Non, uniquement des objectifs énergétiques. Nous réalisons actuellement un benchmark européen de la stratégie de décarbonation de l’immobilier de l’Etat financé par la Commission européenne. Certains pays du Nord ont intégré des critères carbone, c’est une piste intéressante. Par exemple, pour la rénovation d’un tribunal néerlandais nécessitant la construction d’un bâtiment temporaire, le cahier des charges prenait en compte la performance carbone. Ce qui laissait le choix aux candidats de faire du modulaire, du très bas-carbone à réemployer après, etc.

Aucun projet de MGPE avec tiers-financement, montage autorisé depuis mars 2023, n’est encore sorti pour l’Etat. Est-ce pour bientôt ?

Nous y travaillons avec l’université d’Aix Marseille, avec la gendarmerie, et avec le ministère des Armées sur leurs écoles. Ces projets sont en cours de conception, nous ne sommes pas encore prêts à interroger le marché. L’idée est d’expérimenter sur des opérations significatives, entre 50 et 100M€, et sur des actifs un peu similaires pour les regrouper. Le tiers-financement génère un surcoût de l'accès au financement par un partenaire privé. Donc il faut que l'État y gagne en qualité de la performance, en rapidité d'exécution, et qu'on le pilote vraiment. On ne va pas refaire les erreurs initiales des PPP…

Les gendarmeries, justement, affichent un retard dans leur remise à niveau.

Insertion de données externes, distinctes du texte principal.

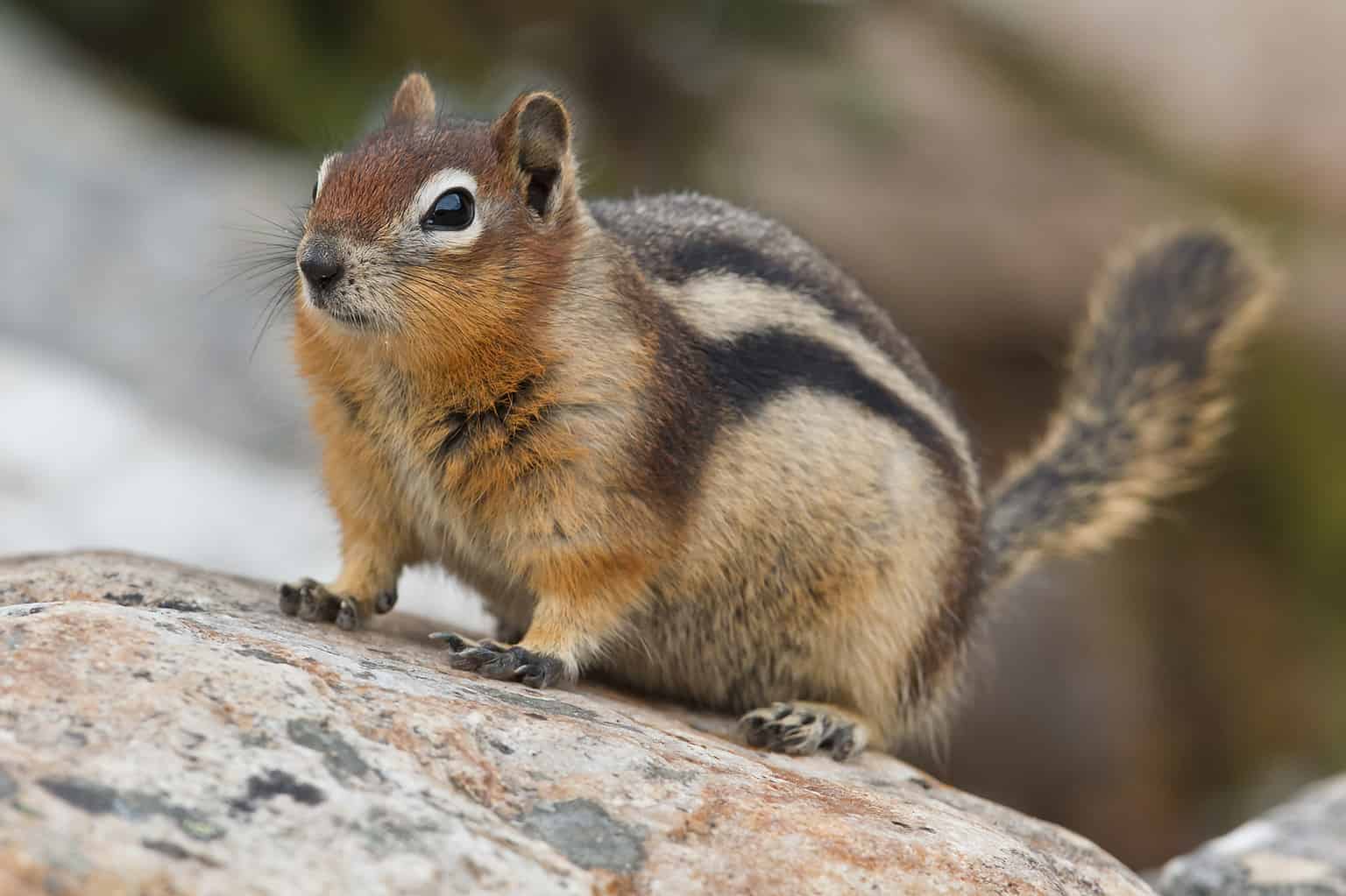 Discover Why Squirrels Hurriedly Bury Nuts in the Ground AZ Animals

Que faire à l’heure de la rigueur budgétaire ?

Nous nous battons chaque année pour faire avancer ce sujet. La contrepartie, c’est l’effort de sobriété immobilière, car il sera impossible de remettre à niveau les 96 millions m2 que l'Etat occupe aujourd'hui. Les crédits annoncés pour 2025 nous rassurent. En 2024, la DIE apporte une contribution très significative à l'investissement de la gendarmerie. Lorsque les ministères nous présentent leurs projets de décarbonation, nous les départageons en fonction de critères comme le nombre de kwH économisés par euro investi, le nombre de mètres carrés libérables grâce aux travaux, et nous prenons alors 75% du coût, le reste échouant aux ministères. Pour la gendarmerie, nous finançons au-delà de ce seuil.

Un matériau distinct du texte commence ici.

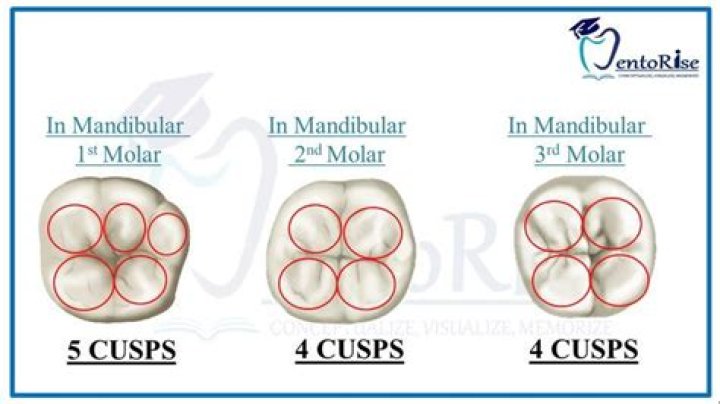 How do cusps work?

Début 2024, trois projets de rénovation et de reconstruction de cités administratives, à Melun, Brest et Tours, étaient suspendus. Les travaux ont-ils démarré ?

Ils ont été annulés. Pour Melun, les services préfectoraux ont décidé d’un changement de stratégie d'implantation. Pour les deux autres, les retards de projets ne pouvaient plus être rattrapés, le potentiel de densification de l’occupation et l’équilibre économique n’étaient pas au rendez-vous, pour permettre de rester à la fois dans le calendrier de cinq ans et dans l’enveloppe globale d’1Md€. Mais le reste du plan cités administratives, soit 36 opérations, est dans les clous ! Il ne reste que quelques livraisons sur l’année qui vient. Le budget est tenu, malgré la hausse des coûts, grâce à un pilotage très resserré.

Qu’avez-vous mis en place pour anticiper l’échéance d’août 2026 sur le verdissement des contrats publics fixée par la loi Climat et résilience ?

C’est un travail conjoint, piloté par la Direction des achats de l'État. Nous contribuons sur le segment immobilier pour étudier la faisabilité. Mais nous ne partons pas de zéro en termes d'incorporation de critères environnementaux ou de travaux bas-carbone ! Je n’ai pas d’inquiétude sur le sujet, la difficulté sera surtout de généraliser cela à tous les niveaux d’opérations.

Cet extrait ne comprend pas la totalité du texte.